Prior, however, to the enquiry about the writings of a particular author,
general considerations which equally affect all evidence to the genuineness
of ancient writings are the following: Shorter works are more likely to
have been forged, or to have received an erroneous designation, than longer
ones; and some kinds of composition, such as epistles or panegyrical
orations, are more liable to suspicion than others; those, again, which
have a taste of sophistry in them, or the ring of a later age, or the
slighter character of a rhetorical exercise, or in which a motive or some
affinity to spurious writings can be detected, or which seem to have
originated in a name or statement really occurring in some classical
author, are also of doubtful credit; while there is no instance of any
ancient writing proved to be a forgery, which combines excellence with
length. A really great and original writer would have no object in
fathering his works on Plato; and to the forger or imitator, the 'literary
hack' of Alexandria and Athens, the Gods did not grant originality or
genius. Further, in attempting to balance the evidence for and against a
Platonic dialogue, we must not forget that the form of the Platonic writing
was common to several of his contemporaries. Aeschines, Euclid, Phaedo,
Antisthenes, and in the next generation Aristotle, are all said to have
composed dialogues; and mistakes of names are very likely to have occurred.
Greek literature in the third century before Christ was almost as
voluminous as our own, and without the safeguards of regular publication,
or printing, or binding, or even of distinct titles. An unknown writing
was naturally attributed to a known writer whose works bore the same
character; and the name once appended easily obtained authority. A
tendency may also be observed to blend the works and opinions of the master
with those of his scholars. To a later Platonist, the difference between
Plato and his imitators was not so perceptible as to ourselves. The
Memorabilia of Xenophon and the Dialogues of Plato are but a part of a
considerable Socratic literature which has passed away. And we must
consider how we should regard the question of the genuineness of a
particular writing, if this lost literature had been preserved to us.

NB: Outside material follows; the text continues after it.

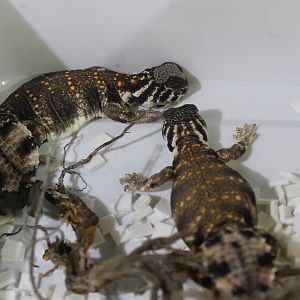 Uromastyx thomesi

These considerations lead us to adopt the following criteria of
genuineness: (1) That is most certainly Plato's which Aristotle attributes
to him by name, which (2) is of considerable length, of (3) great
excellence, and also (4) in harmony with the general spirit of the Platonic
writings. But the testimony of Aristotle cannot always be distinguished
from that of a later age (see above); and has various degrees of
importance. Those writings which he cites without mentioning Plato, under
their own names, e.g. the Hippias, the Funeral Oration, the Phaedo, etc.,
have an inferior degree of evidence in their favour. They may have been
supposed by him to be the writings of another, although in the case of
really great works, e.g. the Phaedo, this is not credible; those again
which are quoted but not named, are still more defective in their external
credentials. There may be also a possibility that Aristotle was mistaken,
or may have confused the master and his scholars in the case of a short
writing; but this is inconceivable about a more important work, e.g. the
Laws, especially when we remember that he was living at Athens, and a
frequenter of the groves of the Academy, during the last twenty years of
Plato's life. Nor must we forget that in all his numerous citations from
the Platonic writings he never attributes any passage found in the extant
dialogues to any one but Plato. And lastly, we may remark that one or two
great writings, such as the Parmenides and the Politicus, which are wholly
devoid of Aristotelian (1) credentials may be fairly attributed to Plato,
on the ground of (2) length, (3) excellence, and (4) accordance with the
general spirit of his writings. Indeed the greater part of the evidence
for the genuineness of ancient Greek authors may be summed up under two
heads only: (1) excellence; and (2) uniformity of tradition--a kind of
evidence, which though in many cases sufficient, is of inferior value.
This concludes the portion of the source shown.